Under these very difficult conditions, the human rights situation deteriorated on most fronts. Police violence, already a serious problem, continued unchecked. Journalists covering public protests suffered numerous attacks and threats, even as the press remained vigorous and independent. Although confidence in the judiciary was low, a few judges took positive steps to pursue investigations of the grave and systematic human rights violations committed during the country's period of military rule.


HUMAN RIGHTS DEVELOPMENTS

As protests against austerity measures engulfed the country, President Fernando De la Rúa of the Radical Party declared a state of emergency on December 19, 2001. Unable to muster support to lead a national unity government, he resigned office the following day. Senate President Ramón Puerta briefly took the reins until the legislative assembly elected Peronist Adolfo Rodríguez Saá as president for a sixty-day period. After seven days in power, Rodríguez lost the support of his party and resigned. Following another brief interregnum, the Congress elected Peronist Eduardo Duhalde to head a government of "national salvation." In July 2002, as the economy nose-dived and street violence continued, Duhalde agreed to hold elections in March 2003.

Seven people were killed, most from gunshot wounds, during protests on December 19 and 20, 2001, in the Plaza de Mayo and adjoining Buenos Aires streets. Police used tear gas and rubber bullets to disperse demonstrators, some of whom carried sticks, hurled stones and firebombs, broke windows of banks and shops, and lit fires. At least sixteen others died nationwide in violent clashes and incidents of looting.

In the early hours of December 29, Juan de Díos Velaztiqui, a police sergeant working off-duty as a security guard, shot dead three youths, Cristián Gómez, Maximiliano Tasca, and Adrián Matassa, in a Buenos Aires gas station café. The youths had been watching scenes of the protests on the café's television. The guard reportedly drew his pistol and shot them at point blank range after they jeered at images of a policeman being beaten by protesters. Velaztiqui was arrested and charged with homicide.

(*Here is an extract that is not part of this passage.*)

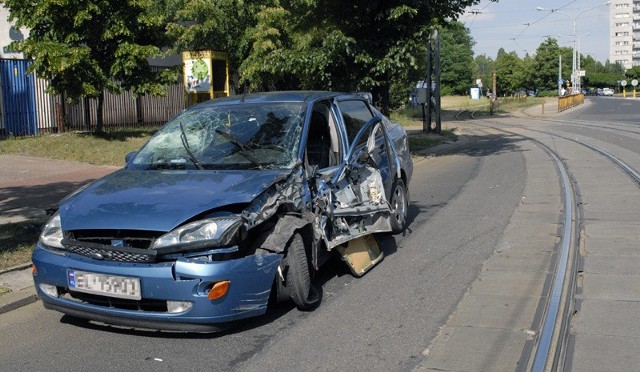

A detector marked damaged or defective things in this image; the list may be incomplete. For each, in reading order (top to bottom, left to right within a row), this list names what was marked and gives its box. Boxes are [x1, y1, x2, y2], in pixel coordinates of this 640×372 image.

The shooting by police of two protesters in June led to the resignation of the security minister of the province of Buenos Aires and the chief and deputy chief of the provincial police force. Dario Santillán and Maximiliano Kosteki, both in their twenties, were killed by close-range shotgun fire in a train station during a protest of unemployed workers on June 26 at the Pueyrredón bridge in the suburb of Avellaneda. At least two others were wounded. In July, a Buenos Aires province police inspector and another officer were charged with aggravated homicide, and four others were accused of trying to cover up the crimes.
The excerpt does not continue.